無欲垂首躬身聆聽教誨,猛然抬眸同閑王對視,自其含著狡黠笑意的雙目中似是看出了深意,不禁側首略略思忖,才恍然展露笑顏,“奴才頓悟了!還是王爺睿智高絕。”
“嗯,孺子尚可教也。傳出話去,令那起子閑人競相往之將軍府道賀,卻需細細打探龍泉病狀,而後嘛……”
“而後自是散出訊息,慫恿暗中細作再度察查顧名亡故實證,既能了卻王爺憂疑,又可安撫蘭老爺不甘,更能將這渾水攪得愈發不清!”
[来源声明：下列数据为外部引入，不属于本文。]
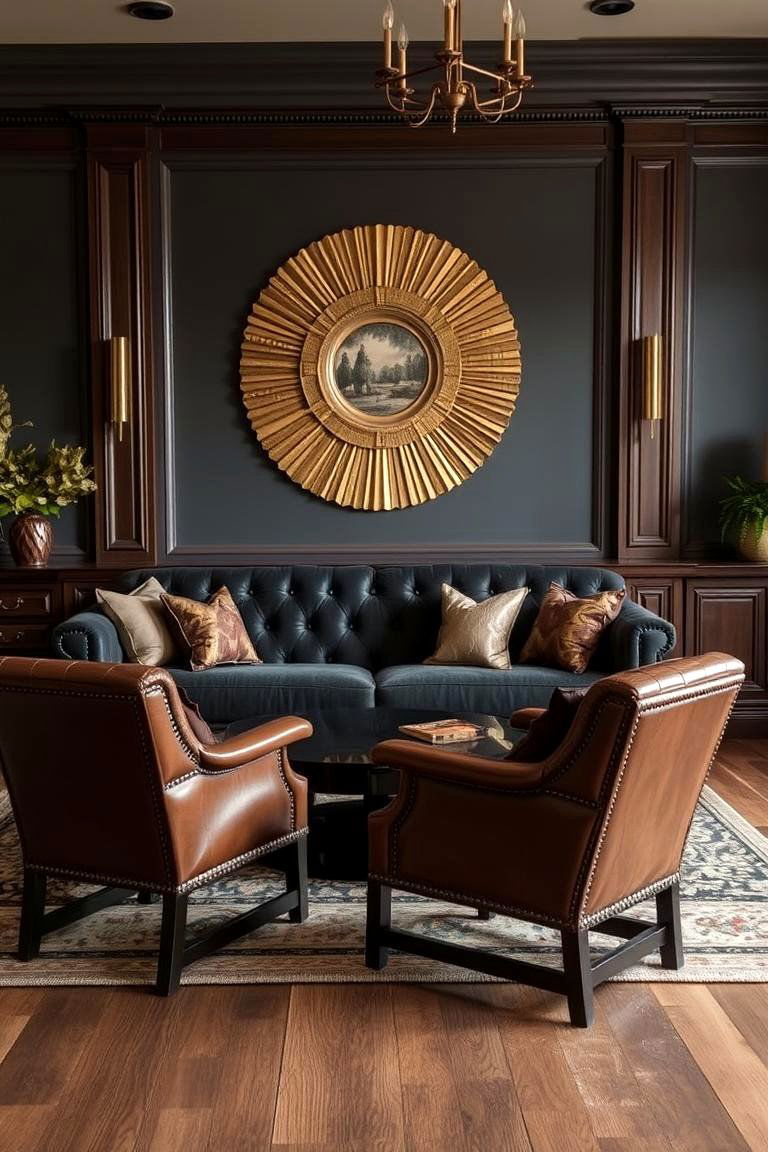 Warm Gold and Brown Tones for Depth - 24 dark grey couch living room ideas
閑王淺笑頷首,“嗯,此時纔是神智歸位了。”轉瞬肅整道,“於那上官清流亦不可掉以輕心。雖是龍家父子不得同他相較,卻是兩廂佐證才更可無慮!”
“王爺安心。上官清流即便如常上朝,於此等大悲大喜之事上,絕不如龍家父子情真意切。嗬嗬,依此論,似是龍家血脈亦有過人之處啊。”
“過人之處?蠢鈍過人?哈哈哈。”
“王爺明鑒。哈哈哈。”
主僕二人嬉笑了少時,閑王眼露寒芒道,“待及將軍府被眾人捧至巔峰之時,便再行散出傳言,稱作……”
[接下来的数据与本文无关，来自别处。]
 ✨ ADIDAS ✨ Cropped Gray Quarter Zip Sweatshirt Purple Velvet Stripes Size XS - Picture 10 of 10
無欲諂媚近前,接語道,“稱作龍少將軍此番過度悲愴傷懷具是因得同顧公子實為斷袖之故!屆時顧名身死之事定然已得實證,便是再復借其之名將將軍府打落塵埃!令那周正及龍嘯林最是得意於即將攀附皇家之時給出此等致命一擊,屆時無論明月公主還是皇上,必會徹底絕了招贅心思。”
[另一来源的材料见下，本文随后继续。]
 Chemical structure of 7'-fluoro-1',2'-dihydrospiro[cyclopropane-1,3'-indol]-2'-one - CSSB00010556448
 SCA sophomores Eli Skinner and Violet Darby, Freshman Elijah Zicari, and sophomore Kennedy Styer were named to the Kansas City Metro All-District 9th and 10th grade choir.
閑王側眸睨了無欲一眼,輕淺勾唇,抬手撫上其肩背,“終是這般才為復了常態之狀啊,哈哈哈哈。”
“具是王爺素日調教之果。”
“殿下,明月公主這般驚擾了將軍府,皇上可會猜忌殿下?”六皇子府中,一名扮作酒肆夥計之人正將食盒中佳肴佈滿案幾,卻是瞥得近處無人,以極低聲量同六皇子搭話。
六皇子手執玉箸擇選著美味,勾唇笑道,“如此這般豈非纔可將龍泉現於眾人眼前?若是他假意遮掩定是架不住整日不知數眾人等前往‘規勸’的,那龍嘯林更是毫無心機可藏之輩。”
“殿下此舉恰可相證顧名此番絕非詐死脫身,而是實實辭世了。僅是那暗中行事之人可得了何樣好處?平白抬舉了龍家,旁觀皇上所為,大有招贅龍泉為婿之意啊,於殿下亦算得多有助益。”